CPG coupon distribution volume rebounded in 2013, rising for the first time in a couple of years, according to NCH Marketing Services’s annual report. The 315 billion coupons distributed represented a 3.3% climb from the 2012 and 2011 figures, but remained below 2010’s peak of 332 billion. Some 8 in 10 consumers surveyed said they at least sometimes use coupons while shopping in grocery, mass, supercenter, drug, or dollar stores.
Last year, 44.7% of consumers said they used coupons about the same amount as in the prior year, while more than three times as many said they used more than said they used less (39.7% vs. 11.2%).

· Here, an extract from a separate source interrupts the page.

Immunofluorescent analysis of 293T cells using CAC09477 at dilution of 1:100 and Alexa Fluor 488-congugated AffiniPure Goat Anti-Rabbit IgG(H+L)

While marketers distributed more coupons last year, that wasn’t the main reason why consumers increased their use of them. Instead, among those who upped their coupon use, the primary reasons were: liking to save money (76.1%); needing to stretch the budget (66.7%); and rising gasoline and food prices Â (55.6%).
Among those who used less coupons last year, the primary reason was the inability to find coupons for the products they wanted to buy (49.1%). Other reasons included the coupons expiring before they had a chance to use them (28.3%) and coupons requiring too many purchases to get savings (19.3%).
Those last complaints were substantiated in part by other results from the NCH study. The average offer duration of a food coupon dropped from 11.3 weeks to 10.1, while for non-food coupons it slipped from 8 to 7.8 weeks. That translated to an overall drop in coupon duration from 9.3 weeks in 2012 to 8.6 weeks in 2013, a 7.5% decrease.
But while the percentage of non-food coupons requiring multiple purchases grew from 18% to 20% (the highest point in at least 5 years), it fell from 45% to 42% for food coupons (a 3-year low). On the whole, then, some 28% of coupons distributed required multiple purchases for redemption, down a point from 2012.
About the Data: Coupons distributed and redeemed in the U.S. Consumer Packaged Goods (CPG) marketplace are studied utilizing NCH’s manufacturer client databases, data cleared via its retailer processing operation and other independent sources. NCH’s proprietary methodology utilizes rigorous controls and statistical standards to maintain the integrity of the information contained in its report, as well as, all other information tools supplied by NCH.
Data points from client and market sources are dynamic. As such, projections are based on the most current information available at the time of publication and may be revised in the future. Also, due to rounding, the sum of certain percentages may not equal 100 percent. The scope of the NCH report includes Manufacturer Coupons of all paper and paperless media formats that are most typically funded by CPG marketing budget allocations for consumer promotion. Retailer In-Ad coupons are not included in the report, as they are most often funded by trade dollars. Consequently, In-Ad distribution and redemption are less precisely tracked by manufacturers. C2C is an abbreviation for coupons download to retailer loyalty cards or unique identification numbers. The scale of C2C and mobile coupons is limited by enablement of retailer point of sale systems, currently deployed primarily in the grocery retail channel.
The report also contains various references to the Valassis Shopper Marketing Survey. The data was obtained in August of 2013 in conjunction with Ipsos, a market research firm with expertise in Internet surveys. The sample was derived from an online consumer opinion panel, and all participants were at least 18 years of age and living in the contiguous United States. Consumers were emailed an invitation to participate in the survey and were given three days to complete it. The survey was closed once 1,000 completed responses had been reached. The responses were weighted by factors obtained from national census data to provide appropriate representations of demographic groups at summary levels.